Source: Investor Presentation

High Distribution vs. Low Unit Price

BPY also addressed its distribution policy at the event, noting the structural target 70% payout ratio has, on average, been achieved since inception. On a quarterly basis, BPY pays a cash distribution per unit of $0.3325, equivalent to $1.33 annualized. This implies 2020 and 2021 AFFO payout ratios (including realized gains) of >100% in both years, and relative to a unit price of $13, equates to a ~10% yield.

That seems high, but I think CFO Bryan Davis’ response as to why BPY maintains the high yield was telling – “we don’t think our yield is too high. We actually think our share price is too low.” FY20/FY21 payout ratios aside, I tend to agree with his view, given the >$7bn in projected liquidity generation through FY25, of which ~$3.0bn will come from net gains.

Thus, I see the elevated payout ratios gradually declining over the coming years, but more a function of AFFO recovering and asset sales bolstering NAV than distribution cuts. That said, I also think a pause or a slower distribution growth scenario (relative to the historical pace) is likely in the upcoming years.

Addressing Balance Sheet Concerns

As of 2Q20, BPY’s liquidity position is a healthy ~$6bn – $1.5bn cash on hand and $4.5bn from credit and construction facilities. This likely moves higher in the coming years as asset sales within the LP Investment segment are set to provide cash inflow of >$7bn over the medium term.

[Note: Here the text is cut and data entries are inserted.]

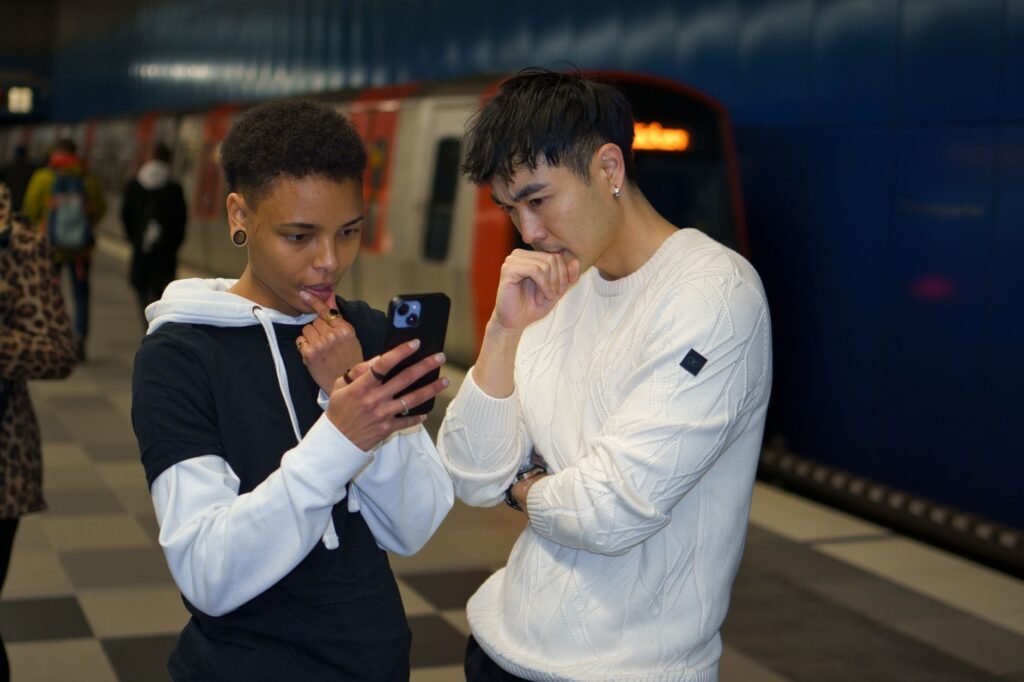 Traveller checking journey details before meeting in Oxford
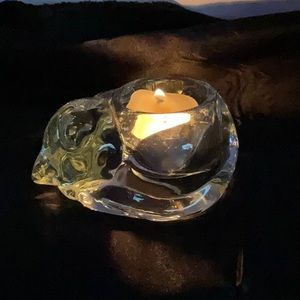 Indiana glass sleeping cat votive holder.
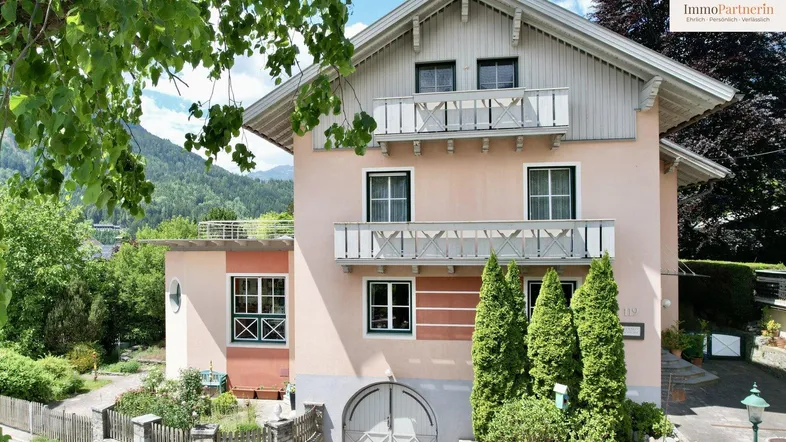 Charmantes Haus mit mehreren Balkonen und Blick auf die umliegende Berglandschaft.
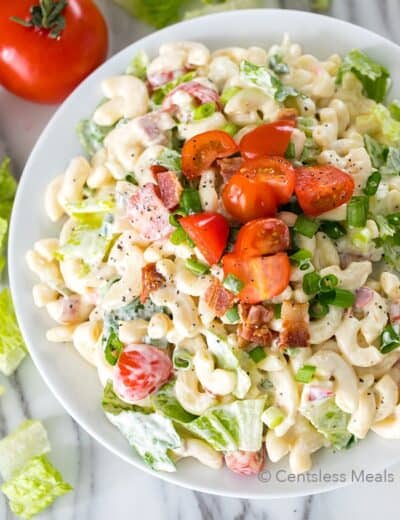 BLT pasta salad in a white bowl with tomatoes on top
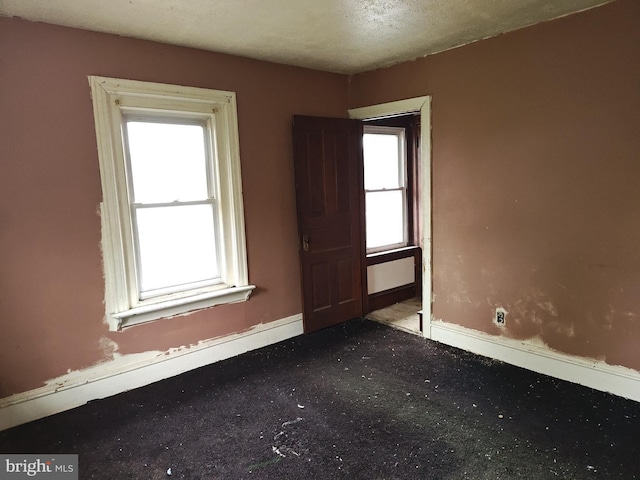 carpeted spare room with plenty of natural light and baseboards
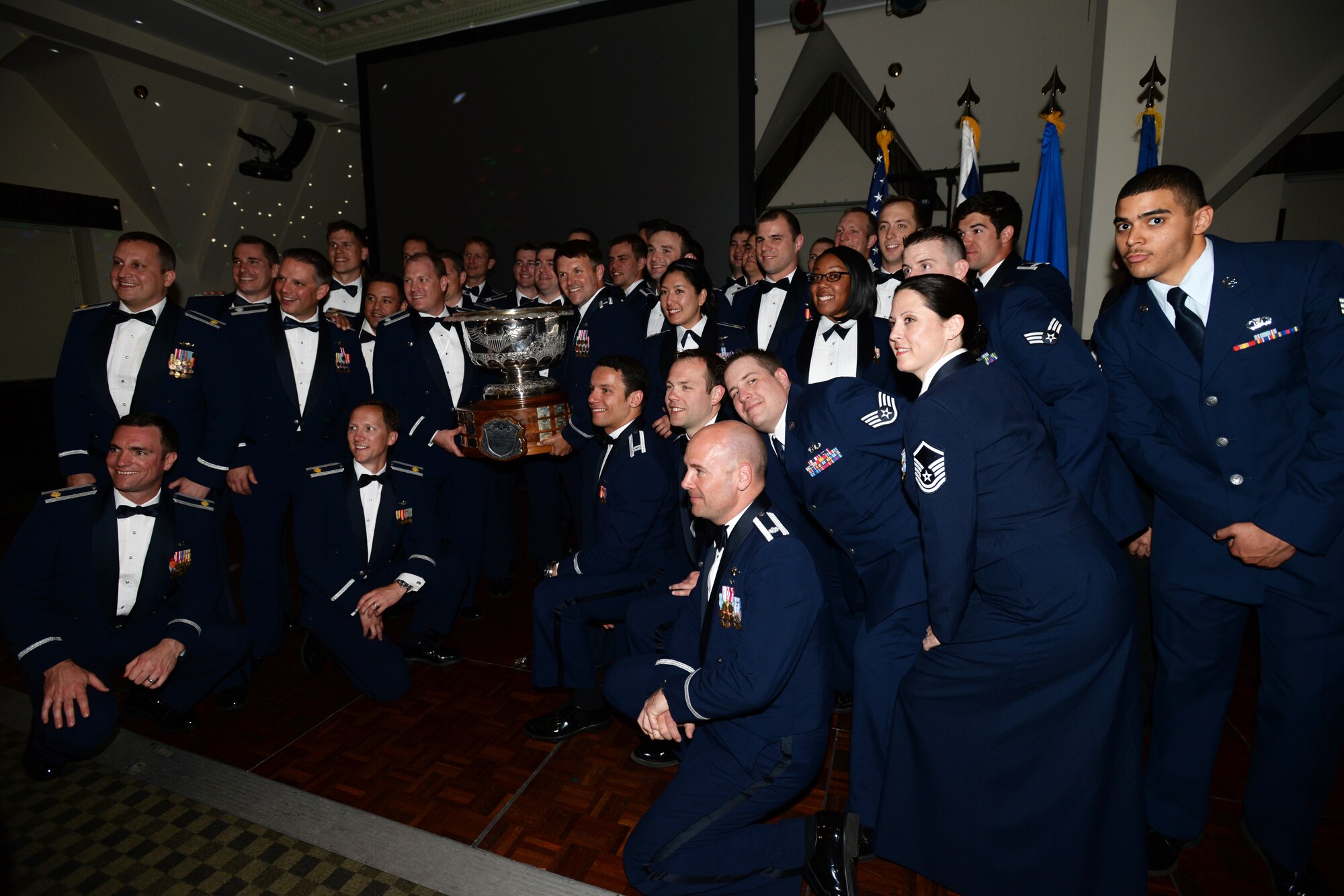 Lt. Col. John Stratton, 493rd Fighter Squadron commander, left, and Lt. Col. Lendy Renegar, former 493rd FS commander and current U.S. Air Forces in Europe and Air Forces Africa Commander's Action Group chief, hold the 2014 Raytheon Trophy during a celebration May 29, 2015. Both Stratton and Renegar served as commander of the squadron during the award period. The squadron demonstrated its ability to remain Forward, Ready, Now, and was named the top U.S. Air Force fighter squadron in January 2015. (U.S. Air Force photo by Tech. Sgt. Eric Burks/Released)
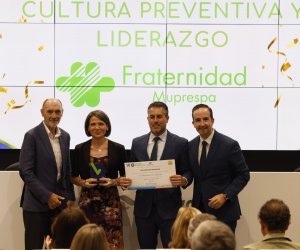 Cuatro personas en un escenario, dos hombres sostienen un certificado, fondo con texto y logo.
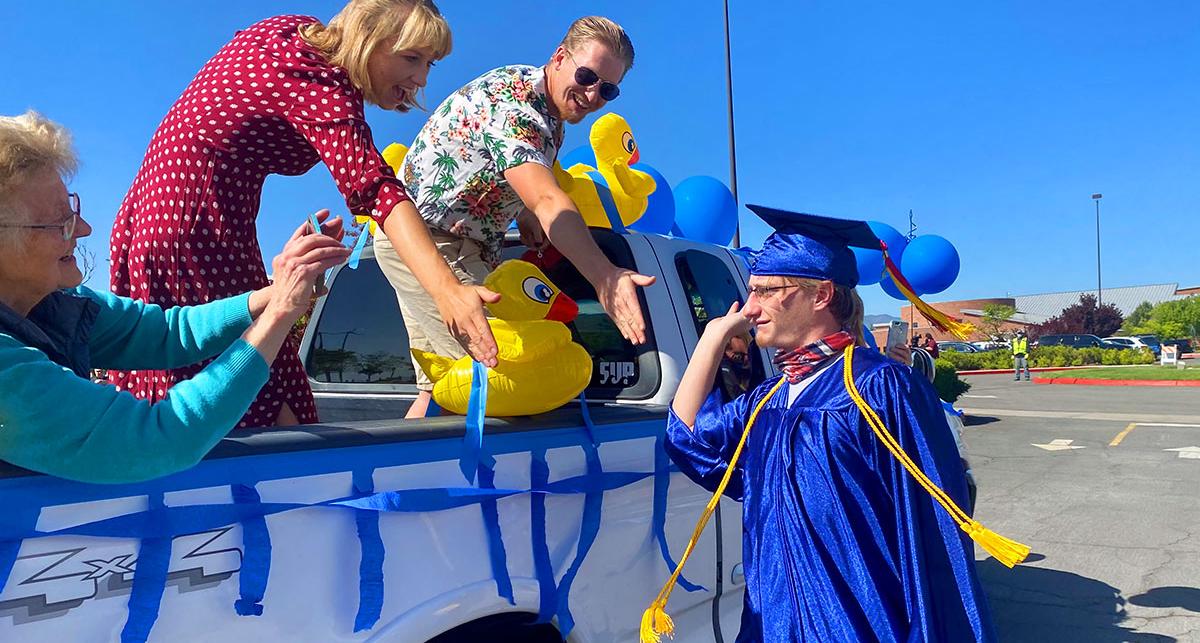 family celebrates with graduate in cap and gown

Source: Investor 2Q20 Supplemental

While the debt load is elevated, I think there’s upside from refinancing as well – during 2Q20, BPY refinanced ~$2.1bn of office, retail and multi-family properties at sub-4% interest rates. Given the decline in financing rates over the course of this year and a likely “lower for longer” scenario continuing into the near future, BPY should benefit from significant savings from refinanced debt, in my view.

Further, a significant portion (~$7bn) of the debt is concentrated within the LP Investment segment (vs. Core Office and Core Retail), given the relatively higher development activity. The issue, though, is that LP debt creates an inflated view of group-level leverage metrics as the full present values of these developments are not recorded as corresponding assets on the balance sheet.

Source: Investor 2Q20 Supplemental

Downside Support from BAM’s $1bn Commitment

Over the last two months, Brookfield Asset Management (BAM) and its partners have invested ~$0.5bn for 43m units (implied $12/unit – a premium at the time of purchase). The purchases were structured via concurrent substantial issuer bids (SIB), but given BAM’s equity commitment of $1bn, the $524m called upon under the SIB ($436m in BPY units and $88m in BPYU shares) implies $476m in remaining equity commitment.

The good news, in my view, is that the sizable remaining commitment provides investors some buffer against further volatility in BPY’s unit price and sentiment towards retail properties. Given current valuations remain depressed, I think an additional SIB could well be announced later this or next year, likely at a higher price.

Pay for Office and LP Investments, Get Retail for Free

The market seems to be assigning an overly punitive discount to BPY units at current levels, offering investors an opportunity to invest alongside Brookfield at fire-sale prices. Essentially, investors in BPY today are paying for the office and LP investments while getting a portfolio of high-quality retail assets for free (see NAV breakout below).

Source: Investor Presentation

Not only does this fail to recognize BPY’s existing balance sheet value, but it also assigns little credit to the optionality from BPY’s rich development pipeline, repositioning efforts, and the upcoming realizations from its LP Investments. Net, BPY offers patient, longer-term investors an asymmetric risk/reward opportunity at these levels.

Disclosure: I/we have no positions in any stocks mentioned, and no plans to initiate any positions within the next 72 hours. I wrote this article myself, and it expresses my own opinions. I am not receiving compensation for it (other than from Seeking Alpha). I have no business relationship with any company whose stock is mentioned in this article.